Bolsonaro normalizou o ódio e as fake news no Brasil

Jair Bolsonaro no PL, em 30 de março de 2023. Foto: Natanael Alves/PL
Jair Bolsonaro no PL, em 30 de março de 2023. Foto: Natanael Alves/PL

Passados quatro meses de respiro, sem um presidente destilando ódio em cada discurso – contra jornalistas, mulheres, indígenas, negros, pobres, gays ou qualquer minoria –, acho que estou conseguindo começar a processar melhor o período de trevas que vivemos entre 2019 e 2022.

Ele será estudado com mais calma pelos historiadores e acadêmicos em geral, com muito mais embasamento, mas, ainda assim, me sinto uma observadora bem-informada e por isso vou trazer minhas percepções para meu blog.

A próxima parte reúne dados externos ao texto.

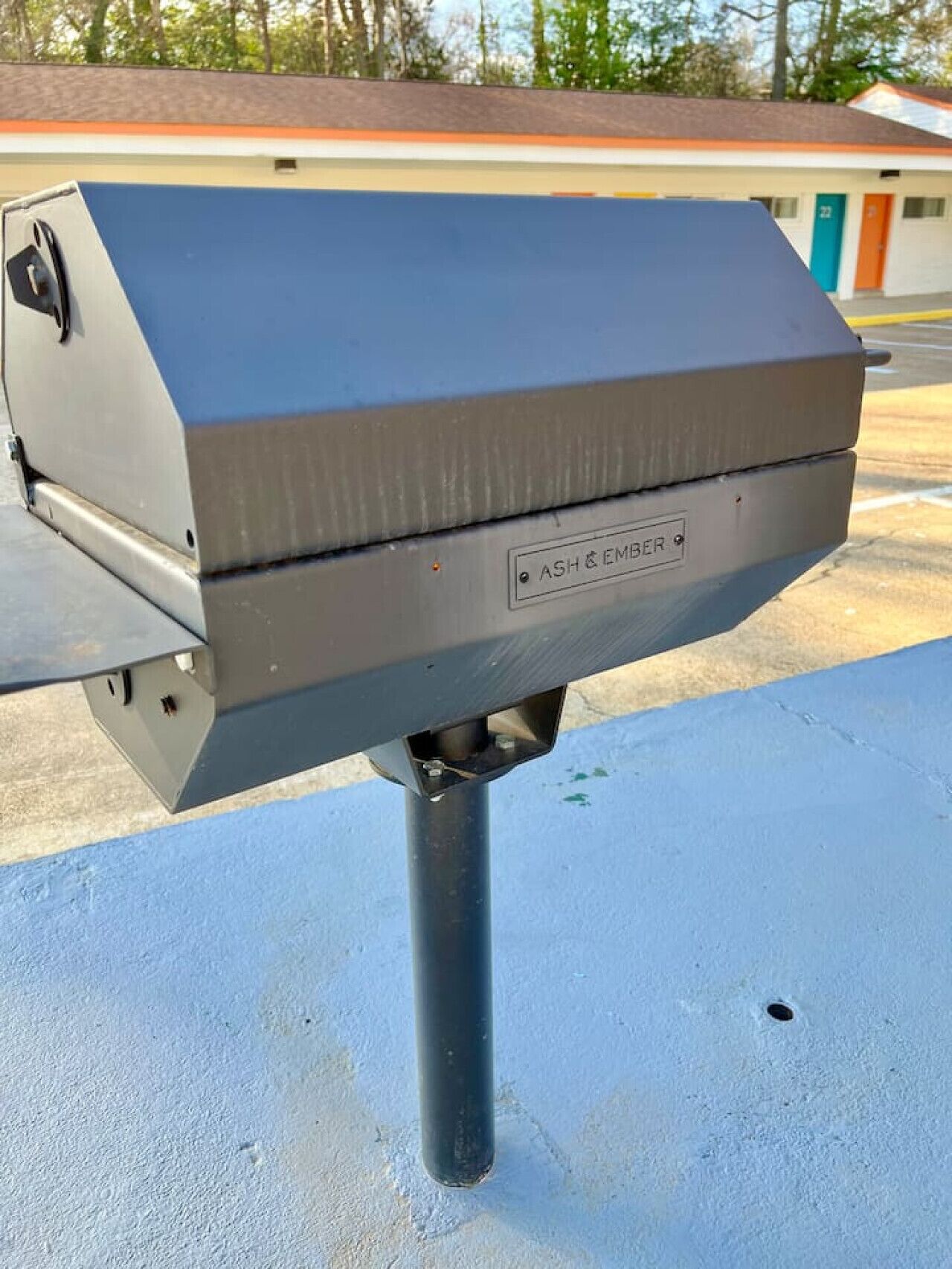 A grill with the label "ASH & EMBER" on a metal pole.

Jair Bolsonaro é investigado por vários crimes durante seu governo, pelos quais eu espero que ele ainda seja julgado, condenado e punido. Fora esses listados no último link, houve ainda o genocídio dos indígenas yanomami e o caso das joias do Estado apropriadas por ele e sua mulher. E a cada hora o caldo entorna mais para o lado dele: enquanto escrevo este artigo, Bolsonaro é alvo de uma operação da Polícia Federal que apura pelo menos mais quatro crimes.

Brasil voltou ao mapa da fome no governo Bolsonaro. Caso de morte e desnutrição de yanomamis são os mais graves, um verdadeiro crime humanitário.
Brasil voltou ao mapa da fome no governo Bolsonaro. Casos de morte e desnutrição de yanomamis são os mais graves, um verdadeiro crime humanitário.

Bolsonarismo e o discurso de ódio

Mas, apesar de tudo isso ser nojento, acho que nem foi a consequência mais nefasta do bolsonarismo no Brasil.

O pior mesmo foi ele ter institucionalizado e normalizado o discurso de ódio em um país que, até pouco tempo atrás, era tido como pacífico, alegre e acolhedor.

Lembro direitinho quando, nas eleições de 2014, vazou uma conversa privada de um professor da UFMG. Seu interlocutor defendia Dilma Rousseff dizendo que o governo petista havia criado oportunidades aos mais pobres, criado universidades, cotas, dado a chance de jovens pretos da periferia terem ensino superior etc.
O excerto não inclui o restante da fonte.